In fact, as a part of our research into what makes people thrive at MEvolution, I have had many conversations around what fulfills people and have read much on what people regret the most in life. Bronnie Ware, an Australian nurse, found five top regrets of the dying, from years of working in palliative care. A famous Harvard study found that, “relationships and how happy we are in our relationships has a powerful influence on our health”. And, heaps of studies have shown that, “people who have satisfying relationships are happier, have fewer health problems, and live longer”.
Looking across various research and data points, there are some important themes in remembering what leads many to experience a fulfilling life:
- Authenticity: living life as one’s true self and being able to express one’s true thoughts and feelings.
- Work-life “balance”: Or as we say, having better harmony between work and life.
- Relationships: staying in better contact with those that one cares about.
- Fulfillment: allowing oneself to be happy and pursuing one’s own definition of meaning.
There is so much research that shows us prioritizing our relationships, and what is truly meaningful to us, creates a more fulfilling life. Yet, sadly, the reality is very different.
From a recent set of 325 people, who have taken the MEvolution evaluation to assess their opportunities for increased capacity, across several different roles, we have seen that:
- 65% do not spend as much time with the people that they care about as they would like.
- 56% do not feel they can be fully themselves.
- 36% feel there is too much going on to take a little time to themselves.
The reality is that it takes a change in mindset and behavior to see transformation in these areas. For example, when the to-dos pile up, often, quality time spent with others is one of the first things to go, along with self-care.

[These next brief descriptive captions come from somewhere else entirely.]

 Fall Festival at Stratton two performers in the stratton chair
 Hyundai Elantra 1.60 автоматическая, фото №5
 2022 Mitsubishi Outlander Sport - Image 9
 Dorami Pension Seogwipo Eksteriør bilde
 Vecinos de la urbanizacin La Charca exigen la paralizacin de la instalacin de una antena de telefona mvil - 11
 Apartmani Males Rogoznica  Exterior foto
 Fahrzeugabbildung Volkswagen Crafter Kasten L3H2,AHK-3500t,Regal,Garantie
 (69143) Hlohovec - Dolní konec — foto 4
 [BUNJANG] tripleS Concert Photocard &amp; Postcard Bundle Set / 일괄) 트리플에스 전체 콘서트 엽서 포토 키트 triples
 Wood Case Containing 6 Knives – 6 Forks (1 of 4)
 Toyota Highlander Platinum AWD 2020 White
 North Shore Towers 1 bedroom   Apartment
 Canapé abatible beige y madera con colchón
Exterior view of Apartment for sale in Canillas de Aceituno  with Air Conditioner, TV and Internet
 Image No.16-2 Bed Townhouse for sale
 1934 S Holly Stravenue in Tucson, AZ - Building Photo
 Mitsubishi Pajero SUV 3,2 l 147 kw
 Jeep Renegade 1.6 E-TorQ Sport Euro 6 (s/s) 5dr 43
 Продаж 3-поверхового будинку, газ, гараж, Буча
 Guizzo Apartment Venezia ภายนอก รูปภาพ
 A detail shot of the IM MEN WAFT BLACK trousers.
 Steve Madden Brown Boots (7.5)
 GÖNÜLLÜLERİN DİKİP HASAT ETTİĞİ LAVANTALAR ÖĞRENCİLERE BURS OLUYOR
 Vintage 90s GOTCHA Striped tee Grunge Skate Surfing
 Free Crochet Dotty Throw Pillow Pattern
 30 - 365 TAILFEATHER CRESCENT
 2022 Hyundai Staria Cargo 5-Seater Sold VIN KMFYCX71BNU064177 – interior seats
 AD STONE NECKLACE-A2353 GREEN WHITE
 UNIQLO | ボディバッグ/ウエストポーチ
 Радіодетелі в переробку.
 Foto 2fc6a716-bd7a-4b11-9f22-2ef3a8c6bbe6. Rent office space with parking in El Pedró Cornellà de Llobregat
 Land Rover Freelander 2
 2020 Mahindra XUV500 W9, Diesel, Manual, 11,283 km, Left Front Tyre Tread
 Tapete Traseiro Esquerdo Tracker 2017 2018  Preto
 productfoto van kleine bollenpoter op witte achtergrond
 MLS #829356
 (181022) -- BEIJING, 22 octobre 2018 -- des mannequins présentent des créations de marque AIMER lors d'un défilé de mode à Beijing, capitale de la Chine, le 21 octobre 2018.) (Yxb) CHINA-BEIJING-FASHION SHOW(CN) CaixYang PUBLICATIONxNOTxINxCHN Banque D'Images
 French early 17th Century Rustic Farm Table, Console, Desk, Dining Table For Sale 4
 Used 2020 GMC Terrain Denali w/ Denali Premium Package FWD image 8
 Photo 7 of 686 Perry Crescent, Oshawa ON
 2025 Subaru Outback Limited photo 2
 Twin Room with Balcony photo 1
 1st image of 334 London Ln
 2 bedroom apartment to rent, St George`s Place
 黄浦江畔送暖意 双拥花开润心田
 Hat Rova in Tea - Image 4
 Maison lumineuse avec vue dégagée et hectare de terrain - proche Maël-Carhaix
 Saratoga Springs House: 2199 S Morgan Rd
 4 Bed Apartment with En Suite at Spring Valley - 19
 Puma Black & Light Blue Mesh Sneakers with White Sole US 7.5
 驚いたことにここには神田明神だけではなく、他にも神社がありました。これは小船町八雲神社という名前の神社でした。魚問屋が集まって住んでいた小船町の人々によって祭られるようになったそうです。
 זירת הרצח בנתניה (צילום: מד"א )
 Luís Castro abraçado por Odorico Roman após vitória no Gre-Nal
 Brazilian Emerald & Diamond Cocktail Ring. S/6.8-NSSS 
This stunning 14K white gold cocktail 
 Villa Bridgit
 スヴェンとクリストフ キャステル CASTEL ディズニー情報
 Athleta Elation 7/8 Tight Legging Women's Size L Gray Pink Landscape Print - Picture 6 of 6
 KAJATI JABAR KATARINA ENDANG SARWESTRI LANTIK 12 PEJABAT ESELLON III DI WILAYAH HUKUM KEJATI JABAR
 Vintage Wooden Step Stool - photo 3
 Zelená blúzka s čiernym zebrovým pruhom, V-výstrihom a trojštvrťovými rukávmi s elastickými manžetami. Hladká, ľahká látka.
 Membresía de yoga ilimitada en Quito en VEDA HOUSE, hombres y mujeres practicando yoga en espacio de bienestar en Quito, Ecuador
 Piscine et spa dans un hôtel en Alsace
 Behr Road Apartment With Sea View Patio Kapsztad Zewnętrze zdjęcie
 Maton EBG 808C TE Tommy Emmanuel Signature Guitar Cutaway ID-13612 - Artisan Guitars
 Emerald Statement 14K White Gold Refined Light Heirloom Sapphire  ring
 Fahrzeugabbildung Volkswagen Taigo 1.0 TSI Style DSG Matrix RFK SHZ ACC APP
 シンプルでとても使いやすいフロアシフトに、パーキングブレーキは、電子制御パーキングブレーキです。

It almost happens automatically, without thinking. Which is why it takes a mind shift to consciously make different choices and consistently create space. To be our true selves, we have to not succumb to the fears of the judgments of others. To have good work-life harmony, we have to set healthy boundaries. These are all mindsets and behaviors that can be built and nourished.
How often have you said, thought, or heard others say things like:
- I’m so tired (it’s Tuesday). It’s ok, I’ll have a lay in on Saturday.
- I can’t wait to retire; I’ll go to all the places I want to see.
- I know I am not as present as I want to be, but once I get to [insert title, pay amount, status etc.], I’ll have more time for myself and/or my [children, parents, partner, friends etc.].
But who knows what the future brings? If you are tired on Tuesday…what good is a nap on Saturday? Are you to spend Wednesday through Friday in a less than optimal state, with mediocre output? An important part of being positively energized is reframing your mind to see how you can inject the things that matter to you, in your life, now. Not later. It comes down to being able to see your options. Sure, that big trip to see the pyramids may take some time and money later, but if seeing new places is exciting, there may be somewhere else you can go now. Often the big things we imagine for the future, that we bank our happiness on, can restrict us from feeling happiness in the now.
So, start by asking yourself:
- Are you happy with how much quality time you are spending with those that matter in your life?
- What’s stopping you from being your true self? What fears are at play?
- How can you incorporate more of what fulfills, energizes, and excites you into your life now?
And remember, the very small, energizing choices can have a very big positive impact.